**What is needed**. Please copy all of the records exactly, leaving nothing out.

**Provided information**.
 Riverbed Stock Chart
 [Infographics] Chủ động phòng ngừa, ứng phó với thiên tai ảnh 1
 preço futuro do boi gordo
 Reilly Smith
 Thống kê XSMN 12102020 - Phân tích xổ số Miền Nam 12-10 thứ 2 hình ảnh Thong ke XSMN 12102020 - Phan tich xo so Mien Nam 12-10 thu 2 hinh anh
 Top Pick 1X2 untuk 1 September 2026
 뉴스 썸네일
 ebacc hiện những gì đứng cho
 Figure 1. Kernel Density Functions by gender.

**Response to this task**.
 Riverbed Stock Chart
 [Infographics] Chủ động phòng ngừa, ứng phó với thiên tai ảnh 1
 preço futuro do boi gordo
 Reilly Smith
 Thống kê XSMN 12102020 - Phân tích xổ số Miền Nam 12-10 thứ 2 hình ảnh Thong ke XSMN 12102020 - Phan tich xo so Mien Nam 12-10 thu 2 hinh anh
 Top Pick 1X2 untuk 1 September 2026
 뉴스 썸네일
 ebacc hiện những gì đứng cho
 Figure 1. Kernel Density Functions by gender.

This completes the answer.